Lecture 3 on 02/02/2026 - Independence, Geometric Random Variables, and Hashing

Scribes: Joshua Sin and Ye Htut Muang

Summary of the Lecture

Geometric Random Variables, what are they and how are they useful
The Coupon Collector Problem, its problem statement and how we can solve it using geometric random variables
The Membership/Dictionary Problem, its problem statement and how we can solve it using hashing with chaining
What is hashing with chaining and how we can use it to solve the Membership/Dictionary Problem

Independence

$X$ and $Y$ are independent if

\forall x,y : \mathbb{P}(X=x, Y=y) = \mathbb{P}(X = x) \mathbb{P}(Y=y)

$\mathbb{P}(X=x, Y=y)$ means the joint distribution of $X$ and $Y$ . Independence of a random variable means that one r.v doesn’t affect the other variable.

Types of Independence

For a sequence of random variables $\{X_1, \dots, X_n\}$ , there are two notions of independence:

Pairwise independence
Mutual independence

Pairwise Independence / 2-wise Independence

$\forall \quad 1\le i \neq j \le n$ , $X_i$ and $X_j$ are independent. This means finding $X_i$ does not help in finding $X_j$ . However, finding $X_i$ and $X_j$ together can help finding $X_k$ .

Mutual Independence / n-wise Independence

Finding all but $X_j$ (or finding $X_1, X_2, \dots, X_{j-1}, X_{j+1}, \dots, X_n$ ) does not give any information about $X_j$ . This type of independence is very rare. In computer science, finding purely independent random variables in perfect randomness is impossible.

Linearity of Variance for a Sequence of Random Variables

For any two independent random variables $X$ and $Y$ :

\mathbb{Var}[X + Y] = \mathbb{Var}[X] + \mathbb{Var}[Y]

This is different from linearity of expectation, which holds even without independence. For variances, we do need independence—but it turns out we only need pairwise independence, not the stronger mutual independence. This is a useful fact because pairwise independence is much easier to achieve in practice.

Suppose $X_1, \dots, X_n$ are pairwise independent:

\mathbb{Var}[X_1 + \dots + X_n] = \mathbb{Var}[X_1] + \dots + \mathbb{Var}[X_n]

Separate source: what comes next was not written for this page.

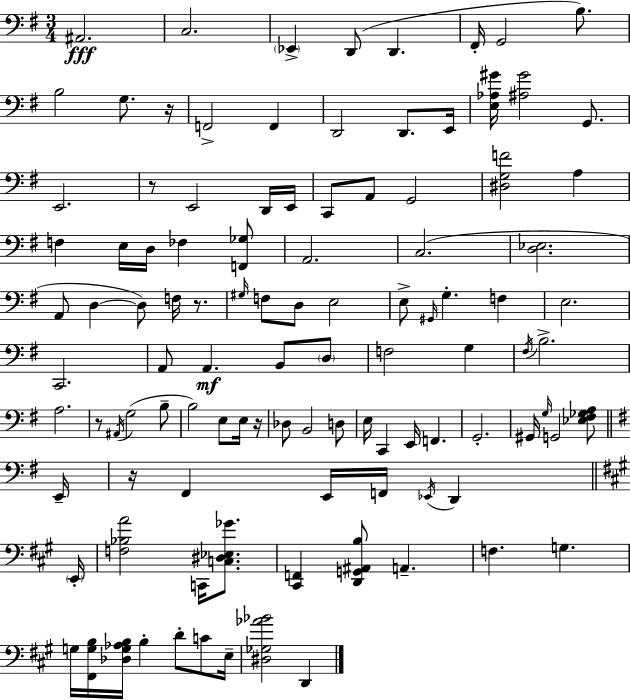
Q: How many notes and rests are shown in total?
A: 106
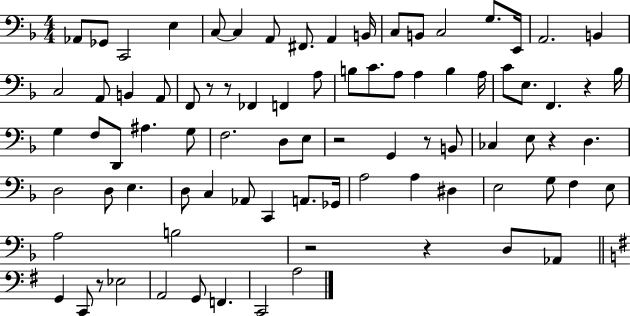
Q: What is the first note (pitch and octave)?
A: Ab2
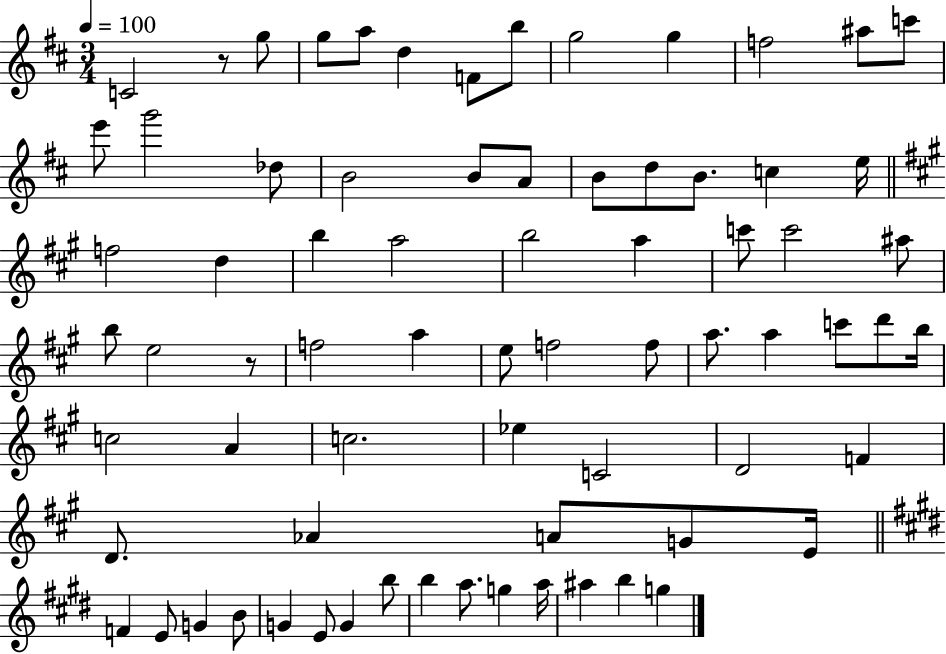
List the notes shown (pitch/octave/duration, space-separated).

By applying linearity of variance, let $X \sim \text{Bin}(n,p)$ and $X_i \sim \text{Bern}(p)$ :

X = X_1 + \dots + X_n

\mathbb{Var}[X] = \sum_{i\in[1,n]}{\mathbb{Var}[X_i]}

= \sum_{i\in[1,n]}{p(1-p)}

= np(1-p)

Geometric Random Variable

Say we have a coin which turns up heads with probability $p$ . We toss it $X$ times until we get a heads. $X$ is random such that $X = 1, 2, 3, \dots$ . Then, $X \sim \text{Geometric}(p)$ .

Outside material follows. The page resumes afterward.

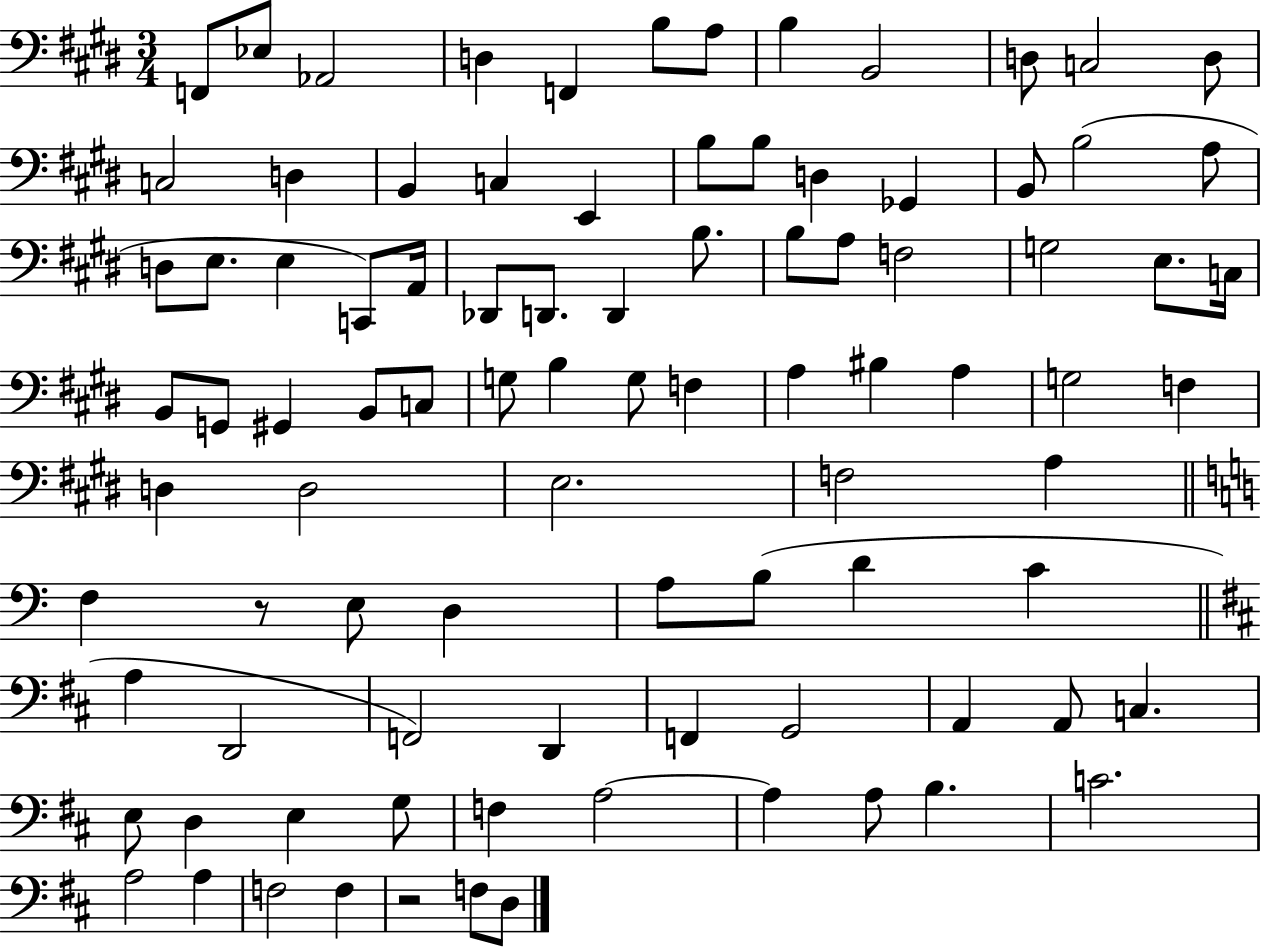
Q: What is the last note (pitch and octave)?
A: D3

\mathbb{P}(X = j) = (1-p)^{j-1}p \quad \text{for } j \ge 1

This tells us: to get heads on exactly the $j$ -th toss, we must get tails on the first $j-1$ tosses (each with probability $1-p$ ) and then heads on the $j$ -th toss (with probability $p$ ).

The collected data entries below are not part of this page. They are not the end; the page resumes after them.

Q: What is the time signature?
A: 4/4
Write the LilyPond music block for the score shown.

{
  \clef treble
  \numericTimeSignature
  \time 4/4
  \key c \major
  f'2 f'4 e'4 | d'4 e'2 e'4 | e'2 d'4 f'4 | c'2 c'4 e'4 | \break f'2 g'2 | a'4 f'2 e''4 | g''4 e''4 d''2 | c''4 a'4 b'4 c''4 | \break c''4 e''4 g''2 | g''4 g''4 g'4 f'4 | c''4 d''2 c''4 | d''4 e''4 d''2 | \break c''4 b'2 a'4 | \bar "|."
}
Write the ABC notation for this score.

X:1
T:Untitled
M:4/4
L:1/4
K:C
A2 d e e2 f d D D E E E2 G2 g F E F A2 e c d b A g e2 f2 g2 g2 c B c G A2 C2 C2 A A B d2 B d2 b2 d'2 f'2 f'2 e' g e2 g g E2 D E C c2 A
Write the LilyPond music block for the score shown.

Expectation - Alternative Definition

Computing the expectation using the standard definition $\mathbb{E}[X] = \sum_{j=1}^{\infty} j \cdot \mathbb{P}(X = j)$ would require complicated algebraic manipulation. Instead, there is a much more useful alternative formula:

\mathbb{E}[X] = \sum_{j=1}^{\infty} \mathbb{P}(X\ge j)

Using this formula and the geometric series, we can derive that the expectation simplifies to:

Expectation and Variance of Geometric Random Variable

\mathbb{E}[X] = \frac{1}{p}

Intuitively, this makes sense: if the probability of success on each trial is $p$ , then on average we need $\frac{1}{p}$ trials to see a success. For example, with a fair coin ( $p = \frac{1}{2}$ ), we expect to need 2 tosses to see a heads.

\mathbb{Var}[X] = \frac{1-p}{p^2}

Coupon Collector Problem

Pokemon Character Example

Let there be 20 unique characters in Pokemon. Pokemon is collaborating with a cereal company, and when you buy cereal, you get one Pokemon character randomly. How many boxes of cereal in expectation do you need to buy to get all 20 Pokemon characters?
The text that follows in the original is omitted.